**YOUR ASSIGNMENT**
Skip the pictures, and retype the data below in full, exactly.

Scraped caption text data
=== Begin Enclosure ===
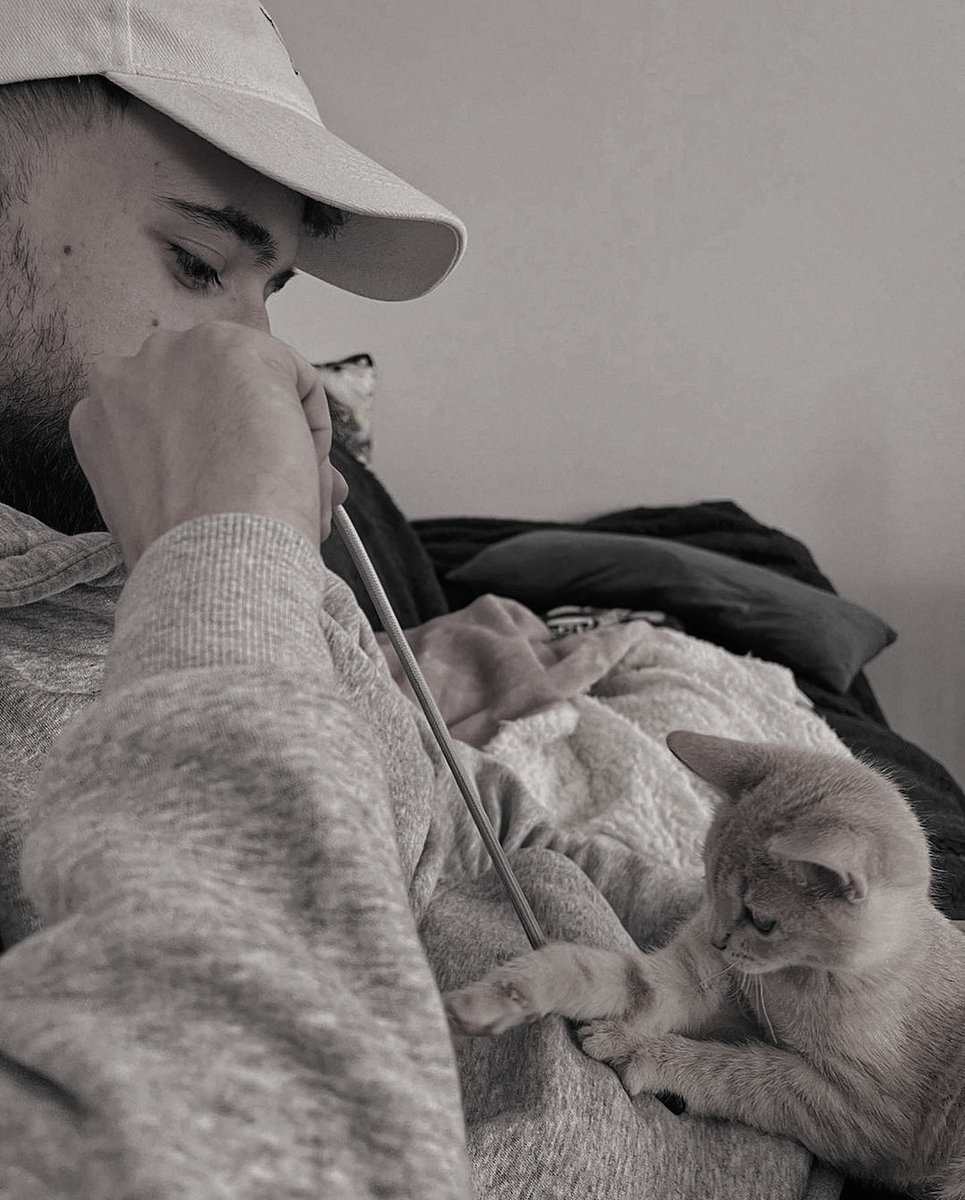 ㅤㅤㅤㅤㅤㅤㅤㅤㅤㅤㅤㅤㅤㅤㅤㅤㅤㅤㅤㅤㅤㅤㅤㅤㅤㅤㅤㅤㅤㅤㅤㅤㅤㅤㅤㅤㅤ
ᅠ⠀ ᅠ ⠀ 𝐁𝐔𝐄𝐍𝐎𝐒 𝐃𝐈𝐀𝐒.
   ᅠ⠀     con mucho sueño.
ᅠ⠀ ᅠ    ⠀   ㅤ ᅠㅤㅤㅤ
 
ㅤㅤㅤㅤㅤㅤㅤㅤㅤㅤㅤㅤㅤㅤㅤㅤㅤㅤㅤㅤㅤㅤㅤㅤㅤㅤ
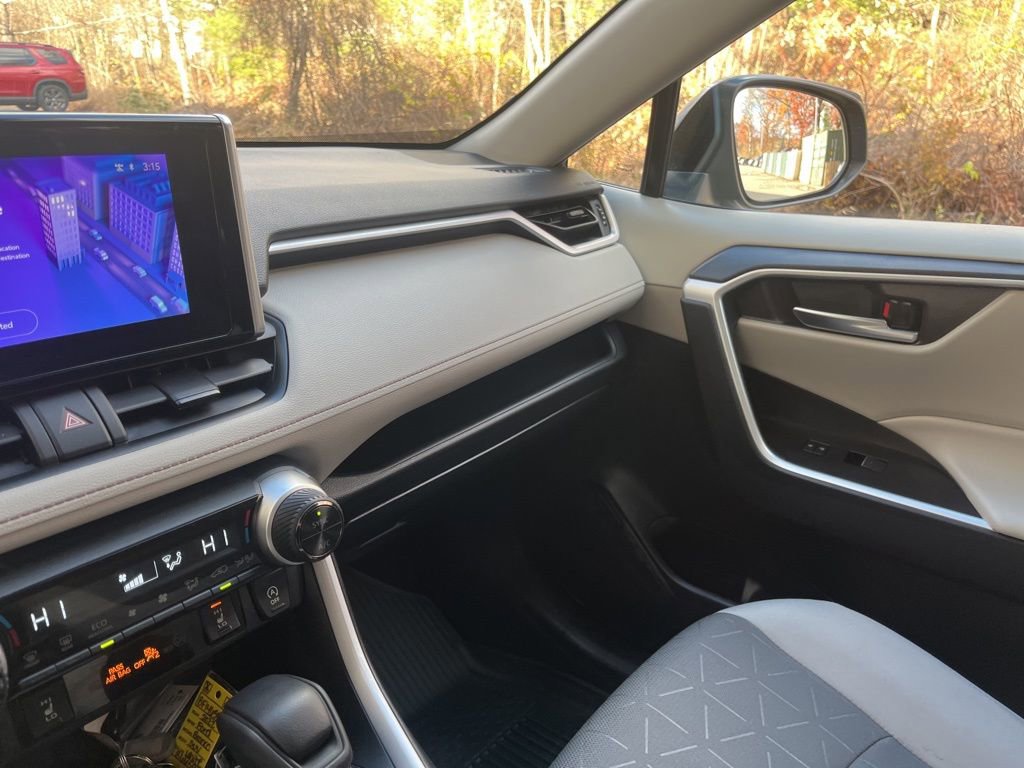 Used 2025 Toyota RAV4 XLE image 29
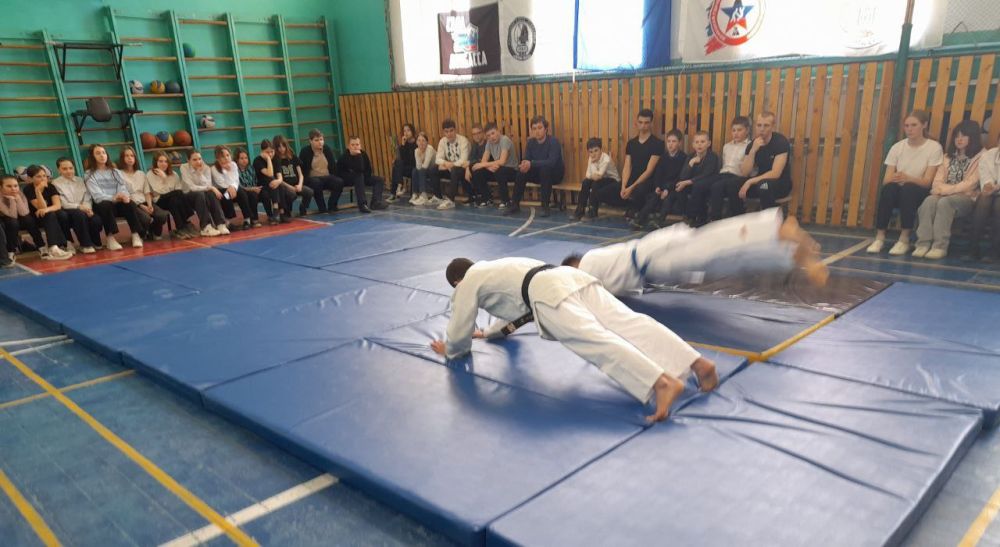 10  2025 .   &quot; &quot;  ..  -      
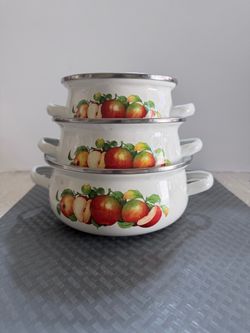 Pot Set with Apple Print – 3 Pieces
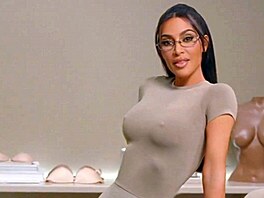 Podnikatelka a profesionální celebrita Kim Kardashianová pedstavila speciální...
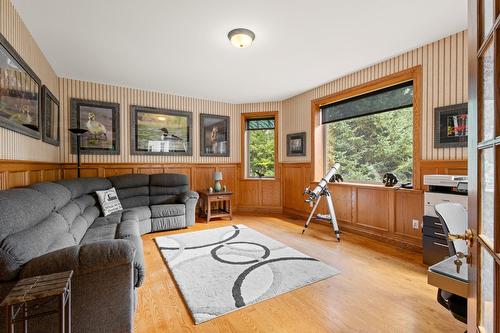 Salon - 123 Rue Du Domaine-Brome, Lac-Brome, QC - Indoor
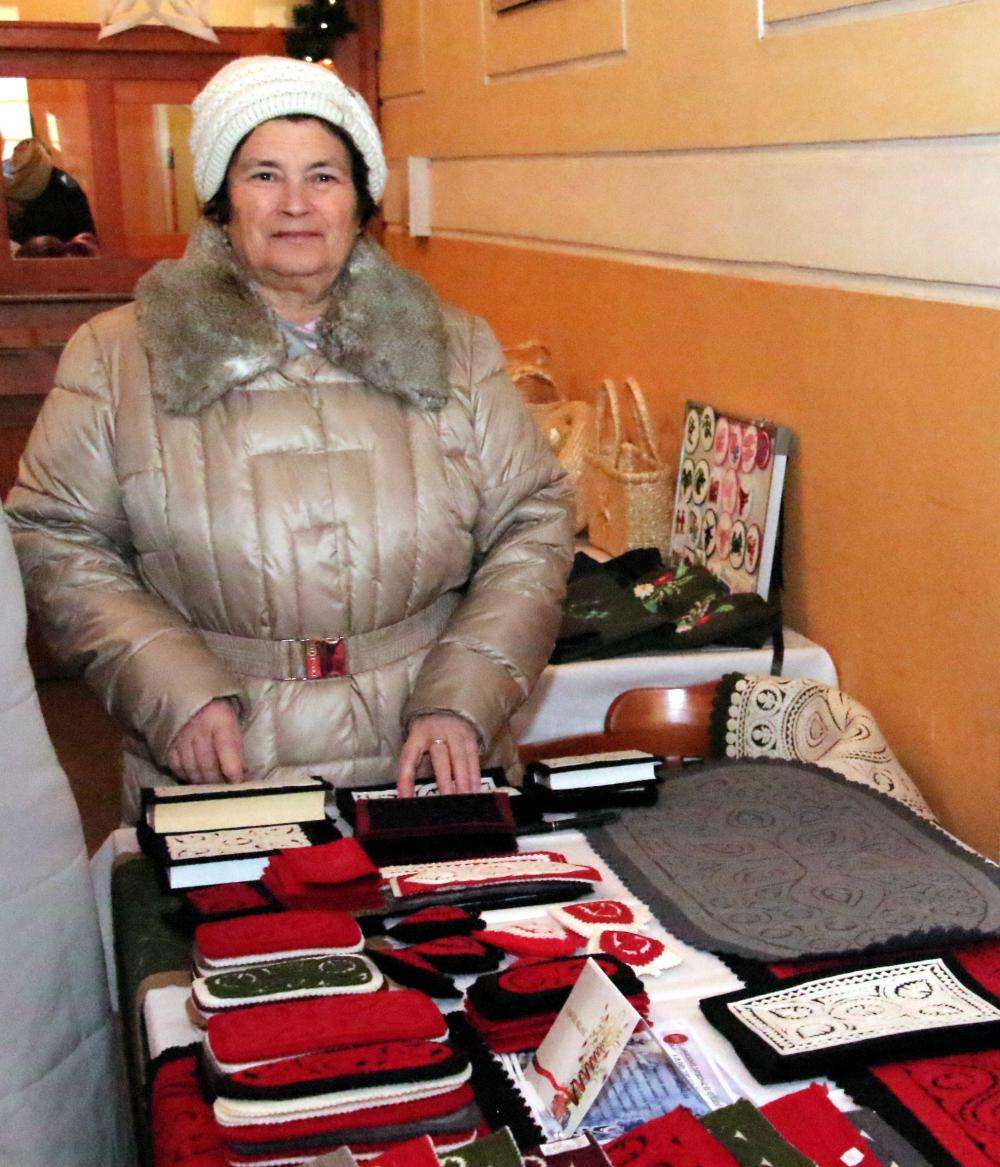 ADVENTI KÉZMŰVES VÁSÁR 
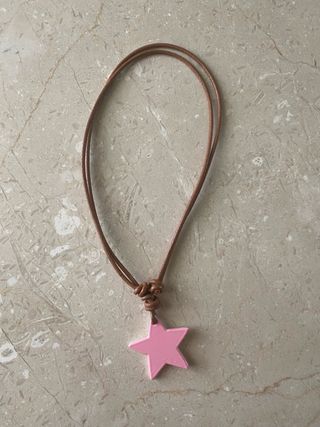 Collar con colgante de estrella rosa y blanca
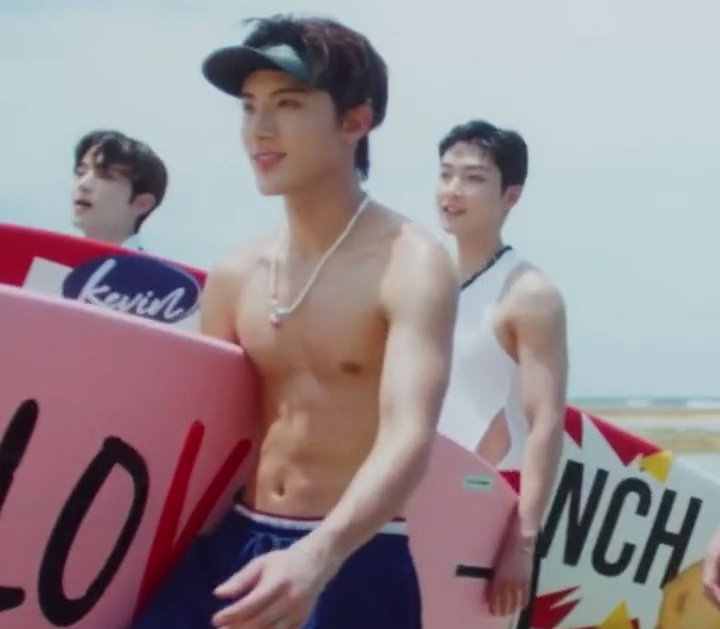 2457. Eric / THE BOYZ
=== End Enclosure ===
**SOLUTION TO THIS EXERCISE**
 ㅤㅤㅤㅤㅤㅤㅤㅤㅤㅤㅤㅤㅤㅤㅤㅤㅤㅤㅤㅤㅤㅤㅤㅤㅤㅤㅤㅤㅤㅤㅤㅤㅤㅤㅤㅤㅤ
ᅠ⠀ ᅠ ⠀ 𝐁𝐔𝐄𝐍𝐎𝐒 𝐃𝐈𝐀𝐒.
   ᅠ⠀     con mucho sueño.
ᅠ⠀ ᅠ    ⠀   ㅤ ᅠㅤㅤㅤ
 
ㅤㅤㅤㅤㅤㅤㅤㅤㅤㅤㅤㅤㅤㅤㅤㅤㅤㅤㅤㅤㅤㅤㅤㅤㅤㅤ
 Used 2025 Toyota RAV4 XLE image 29
 10  2025 .   &quot; &quot;  ..  -      
 Pot Set with Apple Print – 3 Pieces
 Podnikatelka a profesionální celebrita Kim Kardashianová pedstavila speciální...
 Salon - 123 Rue Du Domaine-Brome, Lac-Brome, QC - Indoor
 ADVENTI KÉZMŰVES VÁSÁR 
 Collar con colgante de estrella rosa y blanca
 2457. Eric / THE BOYZ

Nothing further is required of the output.